1. What do we need to focus on for improving the week-2 forecast?

a. Upstream regimes of weather system development

When we extending our forecast range from week-1 to week-2, our focused area should be moved from NA to its upstream areas. According to the ECMWF recent practice, improving precipitation modeling over the continental US had large benefit to their 1-2 week forecast over Europe and including NCEP GFS also improve their multi-model ensemble prediction skill. It would be beneficial to investigate critical regions in NA’s upstream, where weather system development influences the US w-2 forecast the most. In addition to those areas we’ve already paid a lot of attention to, e.g. tropical oceans, areas of AO/NAO, PNA, west of coasts ..., promising regions would also include the Tibetan Plateau, areas of prevailing Asian summer and winter monsoons, Eurasia snow cover, and the Arctic Ocean, where our model performance in each season is less assessed.

b. Day-1 forecast

As pointed out by Lorenz (1982), the best way to improve the weather forecast beyond day 1 is by improving the first day forecast. According to the critical information provided, the difference between the day-1 forecast started from 11/25 and that from 11/26 could be the key to understand the problem. If the difference looks like the random perturbation, the problem could be unpredictable. Otherwise we may conjecture that some important regional weather system development in the upstream could be missing in the model forecast. This would possibly be the case, since usually the global day-1 forecast skill is high, which implies the large scale features between the forecast and the verification are alike globally. By focusing on day-1, we can isolate/identify the problem more effectively and make clearer thinking on model deficiencies in physics and dynamics.

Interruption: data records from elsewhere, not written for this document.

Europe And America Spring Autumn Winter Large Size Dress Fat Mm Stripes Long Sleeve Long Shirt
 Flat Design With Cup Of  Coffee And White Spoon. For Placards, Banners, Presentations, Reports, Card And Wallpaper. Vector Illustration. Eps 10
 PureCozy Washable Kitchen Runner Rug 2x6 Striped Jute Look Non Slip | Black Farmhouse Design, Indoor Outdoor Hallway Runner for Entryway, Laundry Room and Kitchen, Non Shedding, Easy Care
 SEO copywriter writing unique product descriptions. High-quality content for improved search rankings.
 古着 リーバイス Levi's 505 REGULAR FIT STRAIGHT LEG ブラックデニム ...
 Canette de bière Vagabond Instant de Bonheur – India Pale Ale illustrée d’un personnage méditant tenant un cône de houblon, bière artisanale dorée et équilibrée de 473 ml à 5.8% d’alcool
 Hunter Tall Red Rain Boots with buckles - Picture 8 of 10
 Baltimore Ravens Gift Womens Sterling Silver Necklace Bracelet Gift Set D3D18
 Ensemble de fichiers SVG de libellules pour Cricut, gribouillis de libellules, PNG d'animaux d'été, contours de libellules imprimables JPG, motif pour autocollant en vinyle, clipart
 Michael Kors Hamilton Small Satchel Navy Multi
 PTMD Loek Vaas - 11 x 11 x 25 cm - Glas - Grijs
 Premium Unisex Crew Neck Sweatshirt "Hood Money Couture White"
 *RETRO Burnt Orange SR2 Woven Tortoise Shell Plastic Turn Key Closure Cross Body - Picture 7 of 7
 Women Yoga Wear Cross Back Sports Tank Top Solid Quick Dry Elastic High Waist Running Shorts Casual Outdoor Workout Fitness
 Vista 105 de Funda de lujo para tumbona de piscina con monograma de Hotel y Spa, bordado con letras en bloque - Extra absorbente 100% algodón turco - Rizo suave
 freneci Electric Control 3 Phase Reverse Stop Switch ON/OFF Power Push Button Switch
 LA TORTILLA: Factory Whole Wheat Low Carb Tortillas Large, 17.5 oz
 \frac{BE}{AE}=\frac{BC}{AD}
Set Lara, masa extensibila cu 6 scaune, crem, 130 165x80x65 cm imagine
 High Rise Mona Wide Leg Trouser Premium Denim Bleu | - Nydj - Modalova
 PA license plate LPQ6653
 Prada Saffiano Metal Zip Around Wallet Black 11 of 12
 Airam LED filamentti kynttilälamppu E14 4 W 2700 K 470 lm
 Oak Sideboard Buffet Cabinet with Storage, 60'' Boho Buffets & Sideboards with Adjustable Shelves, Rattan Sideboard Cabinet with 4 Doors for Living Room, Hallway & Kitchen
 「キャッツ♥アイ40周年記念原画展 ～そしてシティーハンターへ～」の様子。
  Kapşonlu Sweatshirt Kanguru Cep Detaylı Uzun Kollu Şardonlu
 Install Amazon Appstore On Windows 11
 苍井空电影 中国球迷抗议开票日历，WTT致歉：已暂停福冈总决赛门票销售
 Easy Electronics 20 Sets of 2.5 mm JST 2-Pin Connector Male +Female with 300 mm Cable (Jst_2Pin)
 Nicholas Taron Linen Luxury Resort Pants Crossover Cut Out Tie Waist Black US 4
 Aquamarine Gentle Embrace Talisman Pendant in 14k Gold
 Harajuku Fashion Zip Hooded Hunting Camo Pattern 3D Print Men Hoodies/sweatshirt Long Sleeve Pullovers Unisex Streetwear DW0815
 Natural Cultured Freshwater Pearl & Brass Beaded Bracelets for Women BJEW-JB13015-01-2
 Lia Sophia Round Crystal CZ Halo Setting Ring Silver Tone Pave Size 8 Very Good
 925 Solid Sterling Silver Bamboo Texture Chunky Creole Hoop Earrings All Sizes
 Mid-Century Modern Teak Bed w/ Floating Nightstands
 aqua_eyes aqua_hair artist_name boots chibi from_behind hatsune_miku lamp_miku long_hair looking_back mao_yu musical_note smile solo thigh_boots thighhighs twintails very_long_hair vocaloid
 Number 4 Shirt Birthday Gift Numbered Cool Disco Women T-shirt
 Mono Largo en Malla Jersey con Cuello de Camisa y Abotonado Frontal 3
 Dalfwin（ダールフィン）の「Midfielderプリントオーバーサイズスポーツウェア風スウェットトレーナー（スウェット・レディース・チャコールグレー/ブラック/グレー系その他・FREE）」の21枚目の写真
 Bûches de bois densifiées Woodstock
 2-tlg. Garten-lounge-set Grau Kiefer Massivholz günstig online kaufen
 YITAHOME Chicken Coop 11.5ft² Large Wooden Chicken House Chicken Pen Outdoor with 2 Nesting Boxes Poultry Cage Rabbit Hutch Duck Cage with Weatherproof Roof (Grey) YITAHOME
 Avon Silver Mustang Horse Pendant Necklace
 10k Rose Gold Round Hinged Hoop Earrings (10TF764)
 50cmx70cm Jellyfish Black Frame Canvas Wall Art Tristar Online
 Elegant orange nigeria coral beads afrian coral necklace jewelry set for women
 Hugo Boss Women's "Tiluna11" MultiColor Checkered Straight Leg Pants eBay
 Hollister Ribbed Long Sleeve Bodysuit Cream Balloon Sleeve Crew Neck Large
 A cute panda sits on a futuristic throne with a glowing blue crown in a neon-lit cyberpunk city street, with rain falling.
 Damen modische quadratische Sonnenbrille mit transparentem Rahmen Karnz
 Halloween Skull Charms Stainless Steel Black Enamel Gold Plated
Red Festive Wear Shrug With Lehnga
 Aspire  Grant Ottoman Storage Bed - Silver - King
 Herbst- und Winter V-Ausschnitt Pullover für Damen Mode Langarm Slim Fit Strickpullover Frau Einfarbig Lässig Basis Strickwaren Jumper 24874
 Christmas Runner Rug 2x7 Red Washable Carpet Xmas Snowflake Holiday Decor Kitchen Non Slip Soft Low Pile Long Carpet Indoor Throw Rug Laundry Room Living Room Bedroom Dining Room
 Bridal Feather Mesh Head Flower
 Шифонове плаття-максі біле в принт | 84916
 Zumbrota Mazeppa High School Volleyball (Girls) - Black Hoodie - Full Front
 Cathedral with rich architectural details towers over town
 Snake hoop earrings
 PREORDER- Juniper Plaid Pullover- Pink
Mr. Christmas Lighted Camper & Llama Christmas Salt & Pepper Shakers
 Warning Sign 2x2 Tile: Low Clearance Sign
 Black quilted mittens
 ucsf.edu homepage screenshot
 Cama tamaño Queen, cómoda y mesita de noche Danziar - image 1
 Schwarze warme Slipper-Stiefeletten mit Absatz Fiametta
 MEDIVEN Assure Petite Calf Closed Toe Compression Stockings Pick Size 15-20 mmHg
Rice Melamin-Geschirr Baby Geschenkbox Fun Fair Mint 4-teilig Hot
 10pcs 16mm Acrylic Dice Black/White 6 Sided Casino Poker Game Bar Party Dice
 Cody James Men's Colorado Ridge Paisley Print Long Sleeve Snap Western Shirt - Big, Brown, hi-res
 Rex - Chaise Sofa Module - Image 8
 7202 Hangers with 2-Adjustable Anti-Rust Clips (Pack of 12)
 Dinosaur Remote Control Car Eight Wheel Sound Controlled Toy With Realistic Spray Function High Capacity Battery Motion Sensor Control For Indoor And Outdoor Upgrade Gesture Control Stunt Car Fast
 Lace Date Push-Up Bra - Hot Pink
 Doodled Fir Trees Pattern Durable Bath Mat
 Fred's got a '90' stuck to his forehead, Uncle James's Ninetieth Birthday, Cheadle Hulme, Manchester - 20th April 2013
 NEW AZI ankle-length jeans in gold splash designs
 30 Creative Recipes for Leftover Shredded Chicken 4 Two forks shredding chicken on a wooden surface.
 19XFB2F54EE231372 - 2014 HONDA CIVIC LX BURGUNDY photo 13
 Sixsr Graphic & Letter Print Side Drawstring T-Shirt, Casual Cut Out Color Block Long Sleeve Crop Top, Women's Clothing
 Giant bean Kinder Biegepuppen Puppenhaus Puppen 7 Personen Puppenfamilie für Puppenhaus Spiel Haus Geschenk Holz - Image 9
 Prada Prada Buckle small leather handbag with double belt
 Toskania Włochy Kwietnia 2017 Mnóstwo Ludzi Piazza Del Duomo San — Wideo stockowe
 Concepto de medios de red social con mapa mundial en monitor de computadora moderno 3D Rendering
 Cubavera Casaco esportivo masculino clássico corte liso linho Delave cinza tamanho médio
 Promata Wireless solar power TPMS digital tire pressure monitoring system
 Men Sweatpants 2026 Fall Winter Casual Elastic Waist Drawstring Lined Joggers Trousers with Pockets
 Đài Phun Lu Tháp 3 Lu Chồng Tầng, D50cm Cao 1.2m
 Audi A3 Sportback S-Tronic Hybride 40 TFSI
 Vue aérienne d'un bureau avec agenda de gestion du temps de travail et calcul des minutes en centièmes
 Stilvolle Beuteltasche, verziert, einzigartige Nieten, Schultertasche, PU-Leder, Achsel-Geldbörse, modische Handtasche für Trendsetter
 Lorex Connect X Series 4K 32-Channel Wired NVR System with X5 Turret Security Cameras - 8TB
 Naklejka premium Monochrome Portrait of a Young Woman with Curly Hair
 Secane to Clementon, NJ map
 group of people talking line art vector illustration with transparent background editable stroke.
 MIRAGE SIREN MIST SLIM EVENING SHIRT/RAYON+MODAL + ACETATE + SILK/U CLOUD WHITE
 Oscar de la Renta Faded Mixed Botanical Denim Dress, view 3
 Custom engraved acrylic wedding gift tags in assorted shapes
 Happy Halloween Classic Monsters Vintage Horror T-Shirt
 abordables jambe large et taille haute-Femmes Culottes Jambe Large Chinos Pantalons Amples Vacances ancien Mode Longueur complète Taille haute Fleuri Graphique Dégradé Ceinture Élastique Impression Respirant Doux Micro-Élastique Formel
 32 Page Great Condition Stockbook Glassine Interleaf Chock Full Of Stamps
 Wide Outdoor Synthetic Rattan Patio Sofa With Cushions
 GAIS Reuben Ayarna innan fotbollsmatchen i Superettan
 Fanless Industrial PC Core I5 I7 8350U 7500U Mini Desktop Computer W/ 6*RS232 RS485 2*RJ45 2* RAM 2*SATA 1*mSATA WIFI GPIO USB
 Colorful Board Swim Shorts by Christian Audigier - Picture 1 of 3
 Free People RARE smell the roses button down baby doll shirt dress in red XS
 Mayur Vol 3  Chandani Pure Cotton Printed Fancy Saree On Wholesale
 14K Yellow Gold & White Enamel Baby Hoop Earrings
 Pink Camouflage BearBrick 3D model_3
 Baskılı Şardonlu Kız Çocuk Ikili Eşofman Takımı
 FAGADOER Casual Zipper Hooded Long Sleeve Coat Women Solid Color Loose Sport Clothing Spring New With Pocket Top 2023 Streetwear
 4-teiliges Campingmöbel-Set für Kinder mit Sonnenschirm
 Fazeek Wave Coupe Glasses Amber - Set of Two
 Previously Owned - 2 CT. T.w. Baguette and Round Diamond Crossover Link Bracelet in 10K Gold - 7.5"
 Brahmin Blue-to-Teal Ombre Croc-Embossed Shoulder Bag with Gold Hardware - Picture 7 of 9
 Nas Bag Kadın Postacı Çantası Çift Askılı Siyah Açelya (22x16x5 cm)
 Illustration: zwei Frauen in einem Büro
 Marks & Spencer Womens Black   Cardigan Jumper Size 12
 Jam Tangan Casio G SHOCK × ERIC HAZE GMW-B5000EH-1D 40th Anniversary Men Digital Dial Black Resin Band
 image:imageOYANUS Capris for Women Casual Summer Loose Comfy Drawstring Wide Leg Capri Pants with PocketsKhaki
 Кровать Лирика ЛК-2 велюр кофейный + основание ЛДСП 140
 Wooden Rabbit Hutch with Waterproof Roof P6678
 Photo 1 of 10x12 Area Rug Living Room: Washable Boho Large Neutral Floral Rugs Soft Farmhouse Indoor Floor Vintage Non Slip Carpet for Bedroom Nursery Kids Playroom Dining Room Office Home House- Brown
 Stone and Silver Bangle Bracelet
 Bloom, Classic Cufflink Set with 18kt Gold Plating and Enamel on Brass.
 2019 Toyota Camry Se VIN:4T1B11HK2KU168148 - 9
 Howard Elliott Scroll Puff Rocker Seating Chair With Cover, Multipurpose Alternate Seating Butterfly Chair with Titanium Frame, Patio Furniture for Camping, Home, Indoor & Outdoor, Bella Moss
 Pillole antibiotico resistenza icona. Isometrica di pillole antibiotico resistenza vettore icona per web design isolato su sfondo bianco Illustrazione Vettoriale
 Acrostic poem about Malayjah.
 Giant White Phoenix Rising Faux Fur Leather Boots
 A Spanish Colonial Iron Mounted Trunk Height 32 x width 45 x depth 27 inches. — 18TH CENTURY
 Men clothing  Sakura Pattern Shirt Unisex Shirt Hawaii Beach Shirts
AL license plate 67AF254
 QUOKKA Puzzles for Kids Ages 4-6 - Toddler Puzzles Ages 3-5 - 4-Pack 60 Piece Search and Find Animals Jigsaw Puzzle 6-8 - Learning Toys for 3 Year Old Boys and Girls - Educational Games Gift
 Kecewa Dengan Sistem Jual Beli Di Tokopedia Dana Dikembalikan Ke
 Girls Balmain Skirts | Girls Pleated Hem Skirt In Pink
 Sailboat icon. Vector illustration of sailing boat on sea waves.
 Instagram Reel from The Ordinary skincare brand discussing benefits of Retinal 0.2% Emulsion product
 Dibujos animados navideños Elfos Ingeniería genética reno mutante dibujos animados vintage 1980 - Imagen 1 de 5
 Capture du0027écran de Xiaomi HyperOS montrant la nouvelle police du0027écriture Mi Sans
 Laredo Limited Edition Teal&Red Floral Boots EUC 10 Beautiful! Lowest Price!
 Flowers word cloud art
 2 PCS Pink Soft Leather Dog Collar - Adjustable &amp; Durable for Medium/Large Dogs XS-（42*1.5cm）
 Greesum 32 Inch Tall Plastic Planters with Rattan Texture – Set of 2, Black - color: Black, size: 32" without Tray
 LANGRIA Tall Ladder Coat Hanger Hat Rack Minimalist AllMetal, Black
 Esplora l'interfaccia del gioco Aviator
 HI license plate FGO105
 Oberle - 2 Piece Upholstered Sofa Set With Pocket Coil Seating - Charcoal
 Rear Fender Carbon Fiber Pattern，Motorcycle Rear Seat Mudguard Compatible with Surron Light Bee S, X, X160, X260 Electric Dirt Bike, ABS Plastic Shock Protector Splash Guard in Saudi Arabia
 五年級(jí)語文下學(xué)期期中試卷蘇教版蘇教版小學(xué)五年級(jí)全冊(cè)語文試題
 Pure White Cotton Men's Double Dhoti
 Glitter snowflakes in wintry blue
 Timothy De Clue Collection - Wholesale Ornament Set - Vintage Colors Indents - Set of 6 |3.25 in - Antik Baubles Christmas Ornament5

2. Physical processes and interactions

Tropical forcing, energy propagation and interaction with the strength of atmosphere-land/ocean coupling along the developing path have been discussed for the potential causes of the model forecast failure. Since the global model is far from faithfully representing regional characteristics, the regional model designed for regional applications are more capable to catch the regional system development than the global model. In such consideration, developing nested model with that the embedded regional model having two-way interactive lateral boundary, instead of one-way downscaling like most regional models currently doing, should be set as a R&D challenge to the research community.

(This case was presented by Mike Halpert at Review of the NCEP Products Suite, Camp Spring, 13 December 2006)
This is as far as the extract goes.